Our study was conducted at the emergence room of a teaching reference center for infectious diseases, where the clinicians are highly skilled in diagnosing and treating AIDS-associated OIs. Empiric treatment was prescribed to 90% of the cohort's patients who subsequently confirmed the diagnosis of PCP, but also to 30% of the patients in whom PCP was later ruled out (data not shown). On the other hand, the NN (scenario A) and NB (scenario B) predictive models would also indicate treatment for 90% of the confirmed PCP patients while treating only 1 out of 16 (6.25%) non-PCP patients, even if used by inexperienced clinicians. Unexpectedly, including CD4 cell count and HIV viral load did not improve overall predictive models' performances (Table C and D), suggesting that, in our setting, they functioned only as marginal predictors. A likely explanation relies on the patients' inclusion criterium of absence or irregular use of ART. Almost all (95%) of the patients had comparable high HIV viral load, and all had comparable low CD4 cell count (< 250 CD4 cells/mm).

Conversely, we estimate that implementing our tested model in non-specialized infectious diseases ERs may bring even more substantial improvement in the empirical treatment of patients with presumed PCP. We plan to proceed with validation studies at our reference hospital and other ER settings where patients with PCP are less prevalent and the medical staff is not specially trained in PCP diagnosis.

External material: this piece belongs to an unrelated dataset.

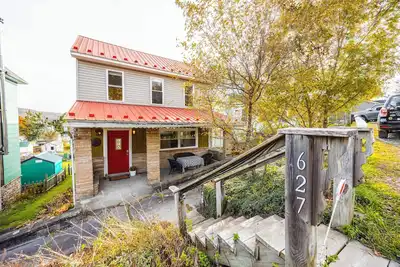 Image de Dv-627 Walk to Breweries! Pets Ok! Skiing Nearby!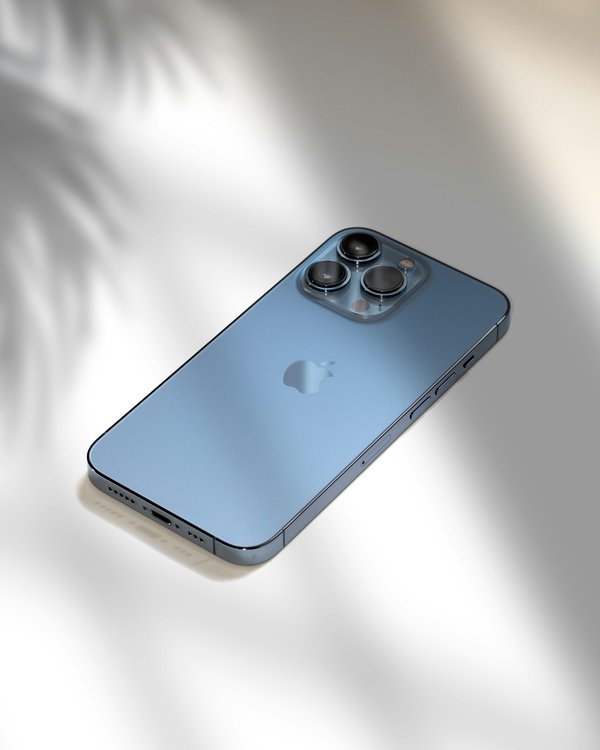 Quels sont les meilleurs réglages pour optimiser la qualité audio lors des appels vidéo sur un iPhone 13?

Other limitations of our study are the relatively small sample size of the cohort and the fact that the data source arose from a single, reference hospital for infectious diseases with a high burden of AIDS patients, making it important cross-validation studies with larger cohorts.

Conclusion

In conclusion, after testing scenarios mimicking different ER settings, representative of either low/middle or wealthy countries, we strongly recommend that validation studies to be conducted with NN in X-ray-equipped ERs and with NB for CT scan-equipped ERs. Our models could be easily implemented in ER routine protocols to aid clinicians, particularly those not skilled in HIV/AIDS opportunistic infections, in the decision of introducing (or not) empirical treatment for suspected PCP patients.